Securing a New Jersey criminal conviction typically involves presenting compelling evidence at the trial to prove guilt beyond a reasonable doubt. In many cases, eyewitness testimony could be enough to sway a jury. However, eyewitness testimony is not always credible, and some defendants may counter the troubled testimony effectively.
Eyewitness evidence problems
Eyewitness testimony may reflect what the witness believes they saw, but the account could be entirely inaccurate. A person could claim the defendant is the person they saw near a crime scene, but they might have seen someone wearing the same clothes and physical build. However, the person they identified is not the individual who committed the crime.
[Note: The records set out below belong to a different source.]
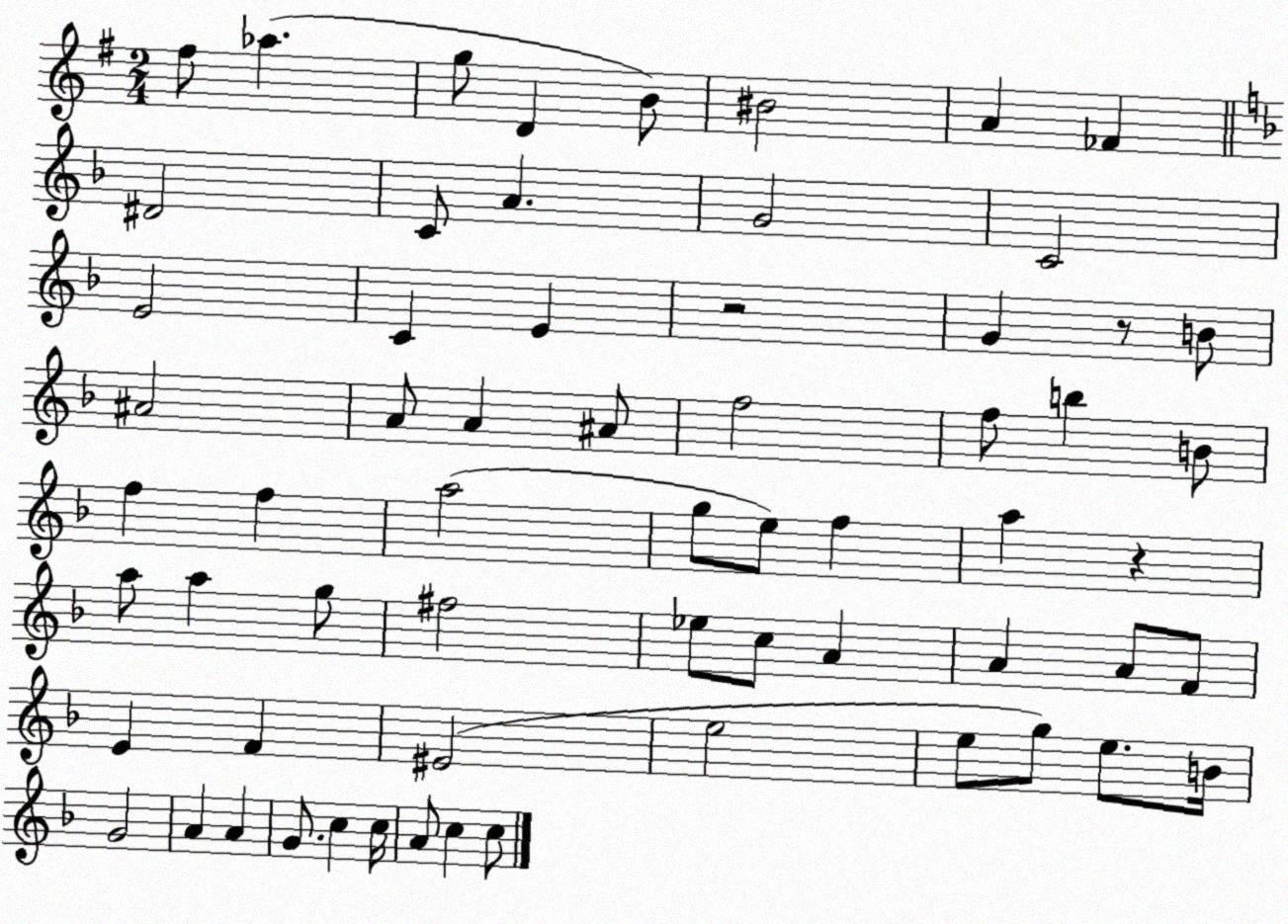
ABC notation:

X:1
T:Untitled
M:2/4
L:1/4
K:G
^f/2 _a g/2 D B/2 ^B2 A _F ^D2 C/2 A G2 C2 E2 C E z2 G z/2 B/2 ^A2 A/2 A ^A/2 f2 f/2 b B/2 f f a2 g/2 e/2 f a z a/2 a g/2 ^f2 _e/2 c/2 A A A/2 F/2 E F ^E2 e2 e/2 g/2 e/2 B/4 G2 A A G/2 c c/4 A/2 c c/2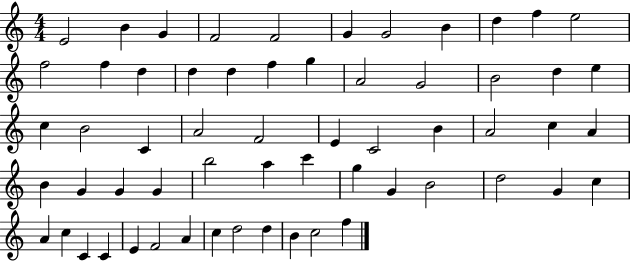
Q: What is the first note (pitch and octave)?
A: E4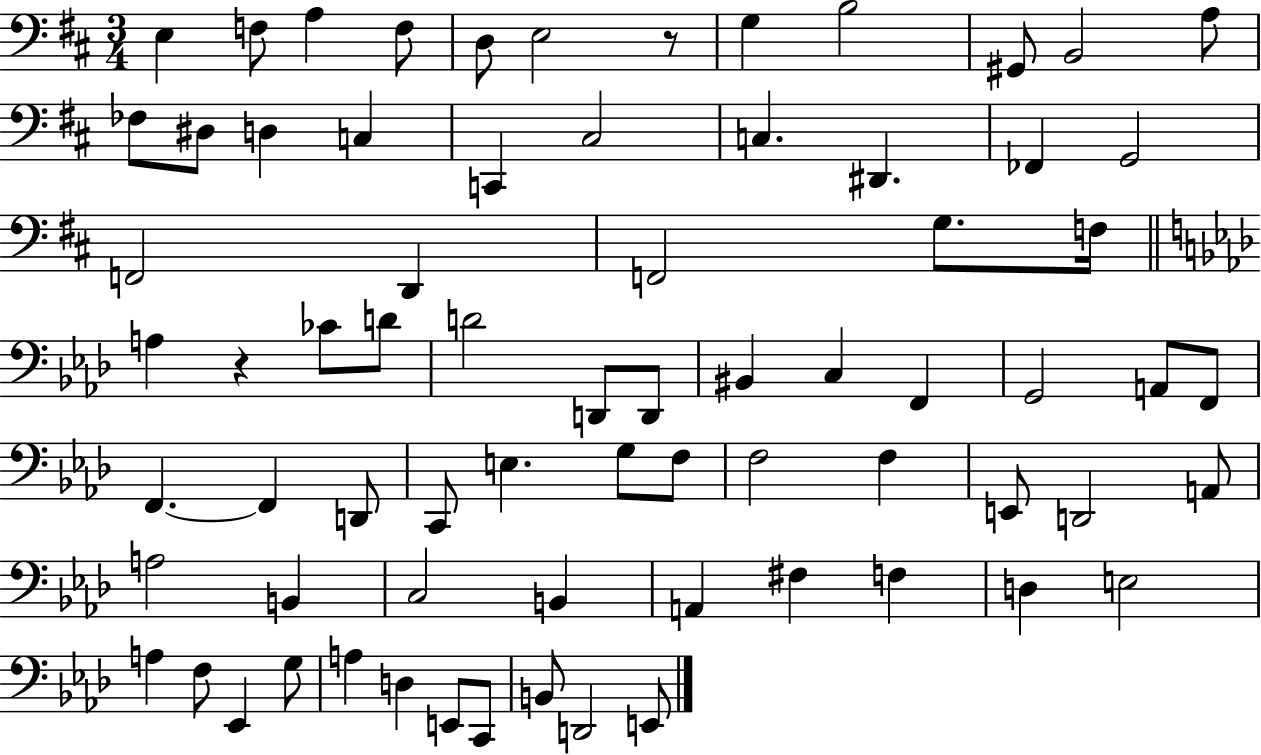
X:1
T:Untitled
M:3/4
L:1/4
K:D
E, F,/2 A, F,/2 D,/2 E,2 z/2 G, B,2 ^G,,/2 B,,2 A,/2 _F,/2 ^D,/2 D, C, C,, ^C,2 C, ^D,, _F,, G,,2 F,,2 D,, F,,2 G,/2 F,/4 A, z _C/2 D/2 D2 D,,/2 D,,/2 ^B,, C, F,, G,,2 A,,/2 F,,/2 F,, F,, D,,/2 C,,/2 E, G,/2 F,/2 F,2 F, E,,/2 D,,2 A,,/2 A,2 B,, C,2 B,, A,, ^F, F, D, E,2 A, F,/2 _E,, G,/2 A, D, E,,/2 C,,/2 B,,/2 D,,2 E,,/2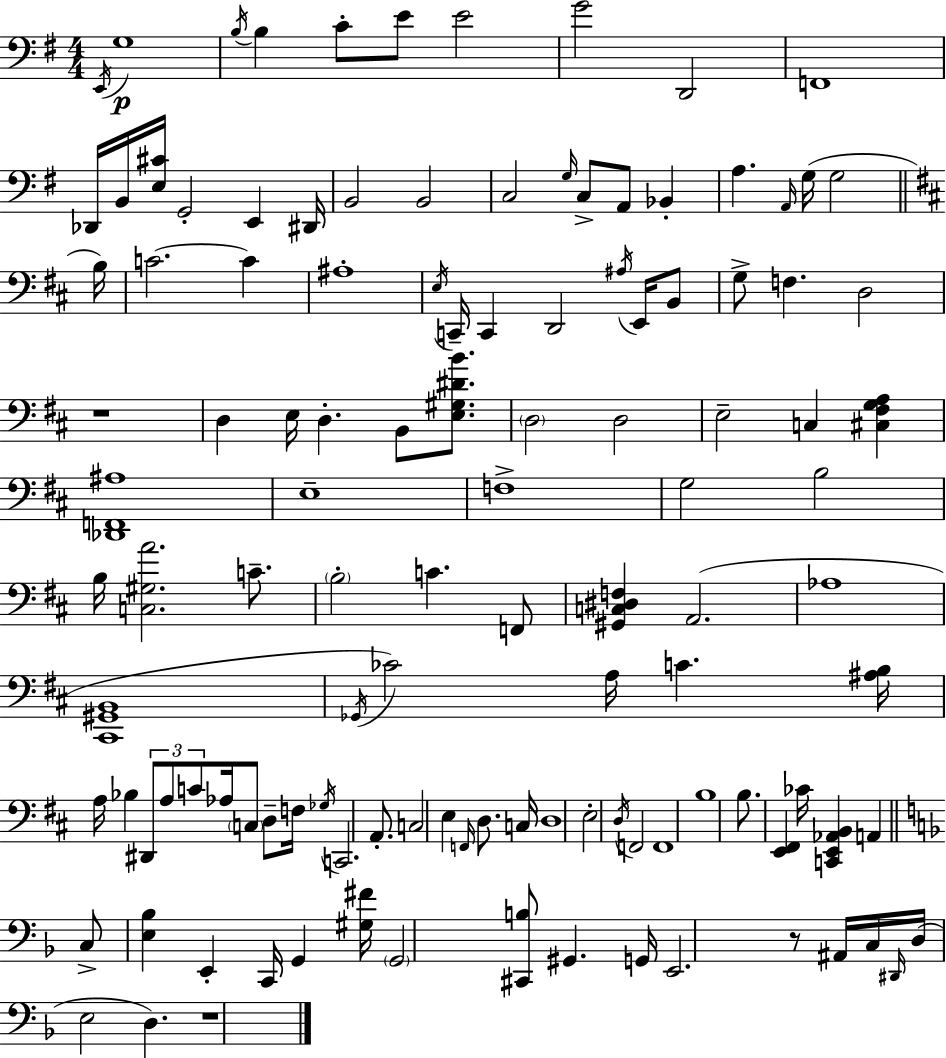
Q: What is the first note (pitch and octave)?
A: E2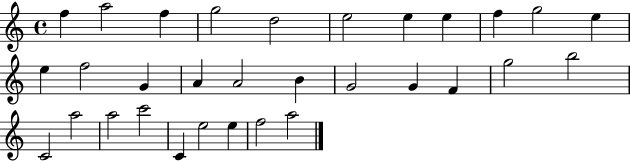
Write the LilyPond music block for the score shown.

{
  \clef treble
  \time 4/4
  \defaultTimeSignature
  \key c \major
  f''4 a''2 f''4 | g''2 d''2 | e''2 e''4 e''4 | f''4 g''2 e''4 | \break e''4 f''2 g'4 | a'4 a'2 b'4 | g'2 g'4 f'4 | g''2 b''2 | \break c'2 a''2 | a''2 c'''2 | c'4 e''2 e''4 | f''2 a''2 | \break \bar "|."
}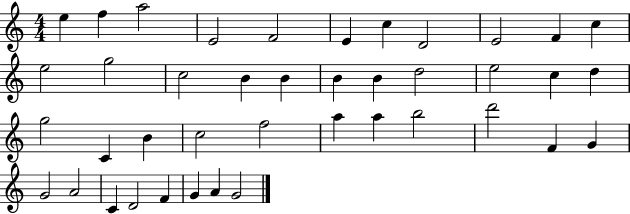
{
  \clef treble
  \numericTimeSignature
  \time 4/4
  \key c \major
  e''4 f''4 a''2 | e'2 f'2 | e'4 c''4 d'2 | e'2 f'4 c''4 | \break e''2 g''2 | c''2 b'4 b'4 | b'4 b'4 d''2 | e''2 c''4 d''4 | \break g''2 c'4 b'4 | c''2 f''2 | a''4 a''4 b''2 | d'''2 f'4 g'4 | \break g'2 a'2 | c'4 d'2 f'4 | g'4 a'4 g'2 | \bar "|."
}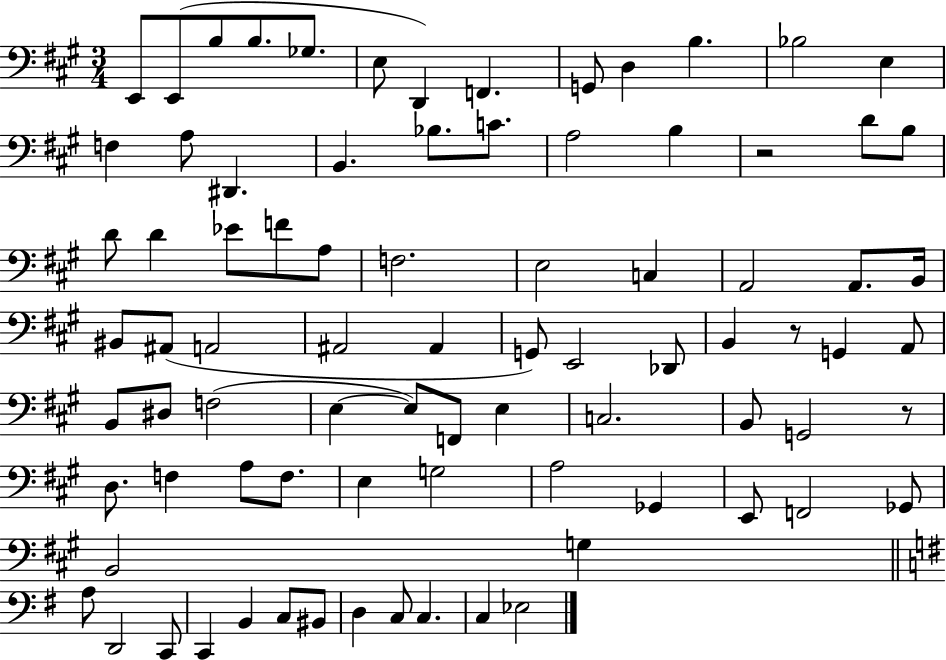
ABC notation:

X:1
T:Untitled
M:3/4
L:1/4
K:A
E,,/2 E,,/2 B,/2 B,/2 _G,/2 E,/2 D,, F,, G,,/2 D, B, _B,2 E, F, A,/2 ^D,, B,, _B,/2 C/2 A,2 B, z2 D/2 B,/2 D/2 D _E/2 F/2 A,/2 F,2 E,2 C, A,,2 A,,/2 B,,/4 ^B,,/2 ^A,,/2 A,,2 ^A,,2 ^A,, G,,/2 E,,2 _D,,/2 B,, z/2 G,, A,,/2 B,,/2 ^D,/2 F,2 E, E,/2 F,,/2 E, C,2 B,,/2 G,,2 z/2 D,/2 F, A,/2 F,/2 E, G,2 A,2 _G,, E,,/2 F,,2 _G,,/2 B,,2 G, A,/2 D,,2 C,,/2 C,, B,, C,/2 ^B,,/2 D, C,/2 C, C, _E,2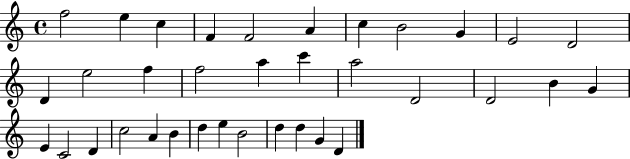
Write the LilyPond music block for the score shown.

{
  \clef treble
  \time 4/4
  \defaultTimeSignature
  \key c \major
  f''2 e''4 c''4 | f'4 f'2 a'4 | c''4 b'2 g'4 | e'2 d'2 | \break d'4 e''2 f''4 | f''2 a''4 c'''4 | a''2 d'2 | d'2 b'4 g'4 | \break e'4 c'2 d'4 | c''2 a'4 b'4 | d''4 e''4 b'2 | d''4 d''4 g'4 d'4 | \break \bar "|."
}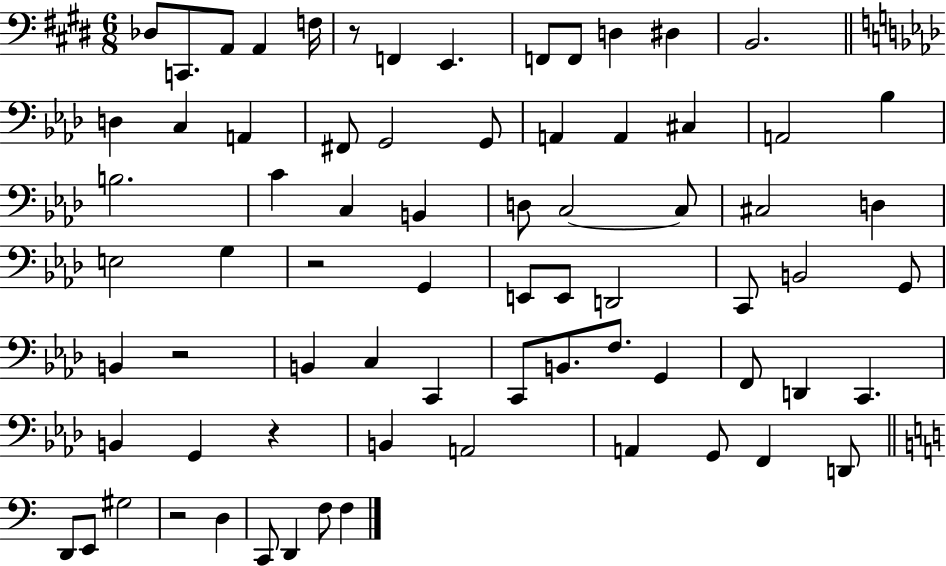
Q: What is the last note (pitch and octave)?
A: F3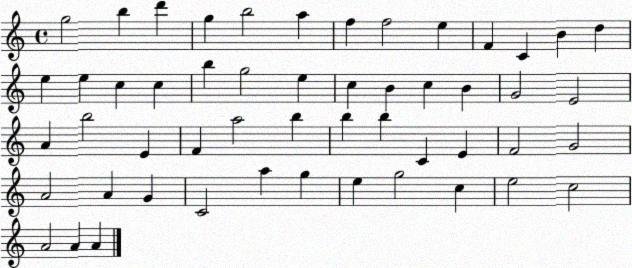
X:1
T:Untitled
M:4/4
L:1/4
K:C
g2 b d' g b2 a f f2 e F C B d e e c c b g2 e c B c B G2 E2 A b2 E F a2 b b b C E F2 G2 A2 A G C2 a g e g2 c e2 c2 A2 A A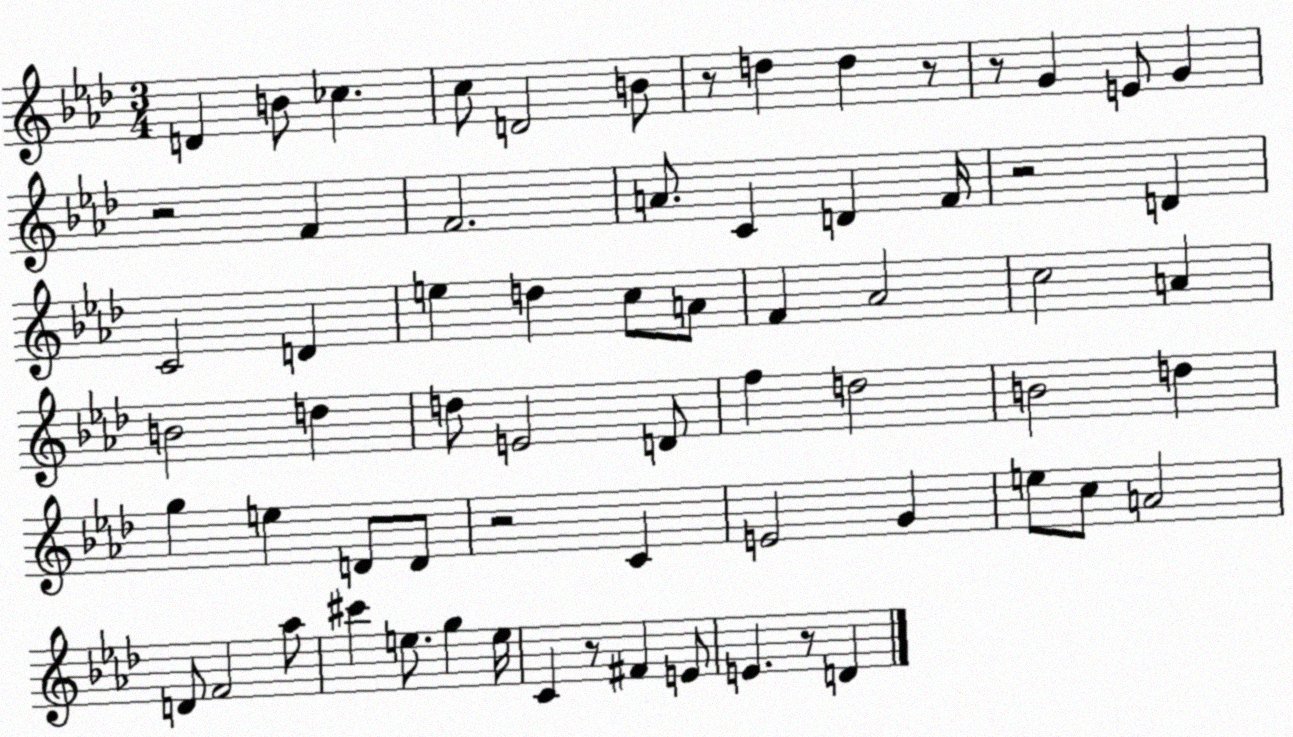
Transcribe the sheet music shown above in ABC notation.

X:1
T:Untitled
M:3/4
L:1/4
K:Ab
D B/2 _c c/2 D2 B/2 z/2 d d z/2 z/2 G E/2 G z2 F F2 A/2 C D F/4 z2 D C2 D e d c/2 A/2 F _A2 c2 A B2 d d/2 E2 D/2 f d2 B2 d g e D/2 D/2 z2 C E2 G e/2 c/2 A2 D/2 F2 _a/2 ^c' e/2 g e/4 C z/2 ^F E/2 E z/2 D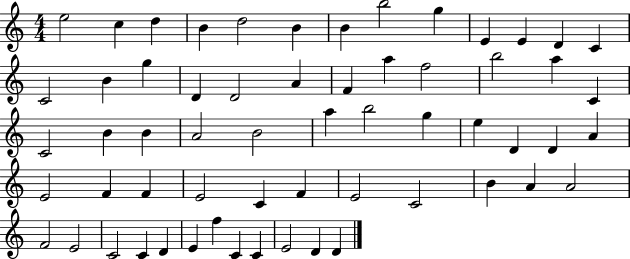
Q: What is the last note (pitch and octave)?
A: D4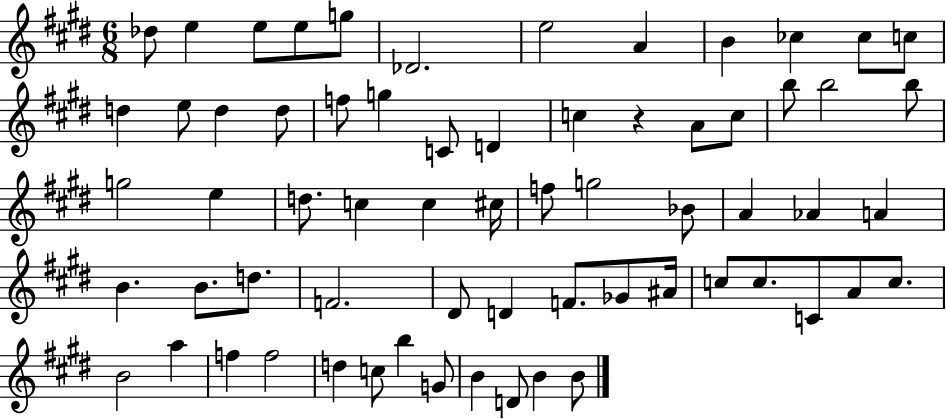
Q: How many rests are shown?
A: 1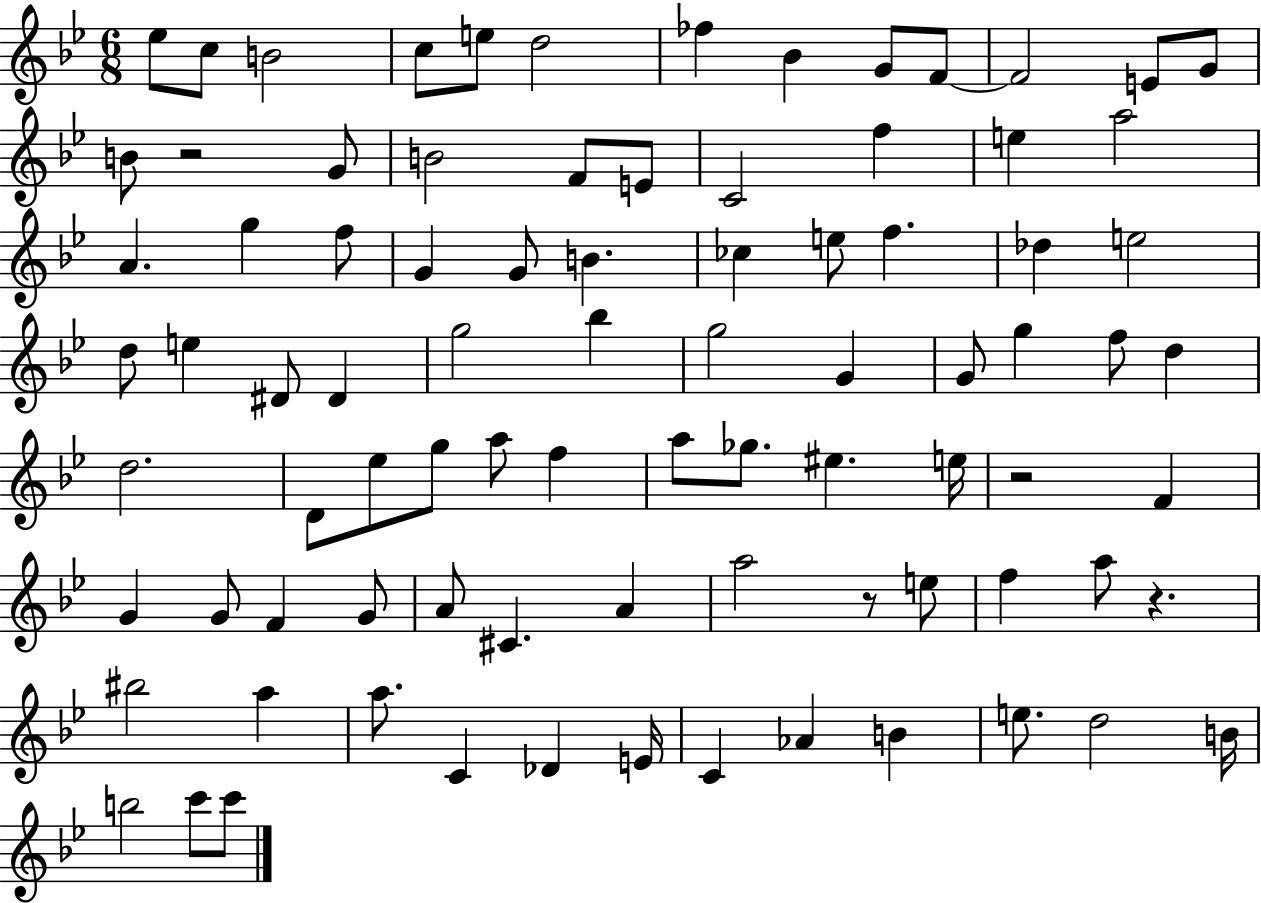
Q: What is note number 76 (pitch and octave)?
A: B4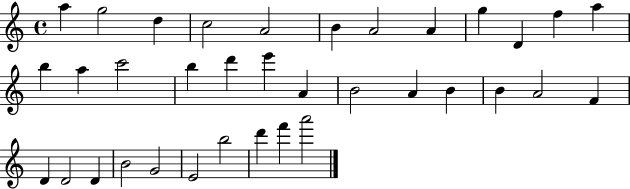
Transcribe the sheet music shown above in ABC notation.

X:1
T:Untitled
M:4/4
L:1/4
K:C
a g2 d c2 A2 B A2 A g D f a b a c'2 b d' e' A B2 A B B A2 F D D2 D B2 G2 E2 b2 d' f' a'2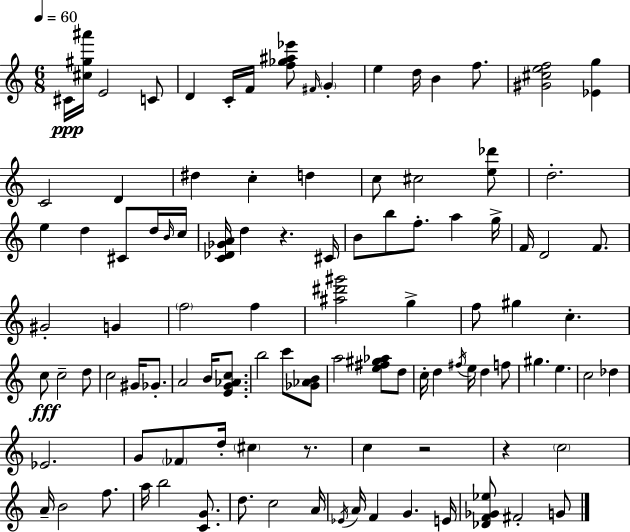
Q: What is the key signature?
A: C major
Other factors could lead to problematic eyewitness testimony. The witness might be too far away to make a proper visual identification, or the area was too dark to see anything clearly. The witnesses’ eyesight may be too poor to make a positive identification. Still, a prosecutor could move forward, hoping to get a conviction.
Under criminal law, the bar for a guilty verdict is beyond a reasonable doubt. When the eyewitness loses their credibility, or there are inconsistencies or other problems with their testimony, reasonable doubts might exist. Sometimes, an eyewitness may outright lie, and the holes in their testimony might become evident at trial.
The police could coerce someone to make false statements. Such false testimony would violate the defendant’s rights, and those who orchestrated it may face legal troubles. Eyewitnesses who lie might also be charged with criminal offenses for their statements.
Convictions based on false testimony may happen. However, the convicted defendant could file an appeal. The conviction could be overturned if the appeal reveals problems with the evidence and eyewitness testimony.